In other cases, simulators designed for simple and widely performed procedures such as lumbar puncture may be adapted for more complex and specialty specific procedures such as lumbar drain placement. During a pilot course undertaken for boot camp curricular development, lumbar drain placement safety was taught by reviewing the anatomic landmarks used for the procedure and the proper sequencing and connecting of the various insertion kit components, which were reviewed and physically handled (Figure 4). By the time the national courses were initiated, lumbar drain placement teaching used a commercially available lower-torso lumbar spinal surgery model, which was designed for teaching surgical anatomy but not for lumbar puncture. Subsequently, the courses have used a commercially available lumbar puncture model (Kyoto Kagaku Co, Ltd, Kyoto, Japan) that provides flow of artificial cerebrospinal fluid after the interlaminar space is successfully entered and allows threading the lumbar catheter through the needle into the model thecal sac. The learner can perform the procedure while visualizing the internal bony anatomic landmarks or, as in the live clinical environment, with those landmarks hidden from view by artificial skin.

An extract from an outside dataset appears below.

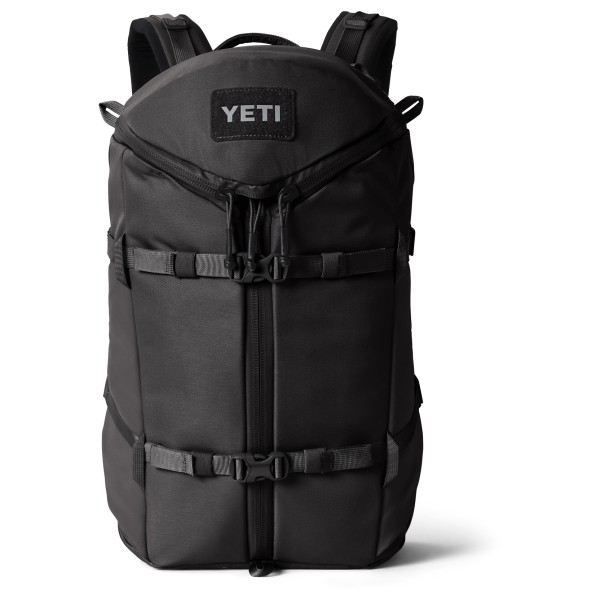 Yeti Coolers - Ranchero 22 - Päiväreppu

Similarly, components of model-based simulations used for entirely different purposes may also be adapted to create a simple neurosurgical procedural simulator. During the initial boot camp courses, the ventriculoperitoneal shunt tap procedure was taught by reviewing the typical location of shunt valves relative to anatomic landmarks and tapping a naked shunt reservoir with attached tubing and saline flow (Medtronic, Inc, Minneapolis, Minnesota; Figure 5). Subsequently, a shunt system with continuous flow of saline has been used, with the valve covered by artificial scalp (Ethicon, Inc). Learners can palpate and tap the valve with proprioceptive feedback similar to that of the actual clinical procedure and visualize the relationship between palpated landmarks and the orientation and components of the valve and reservoir.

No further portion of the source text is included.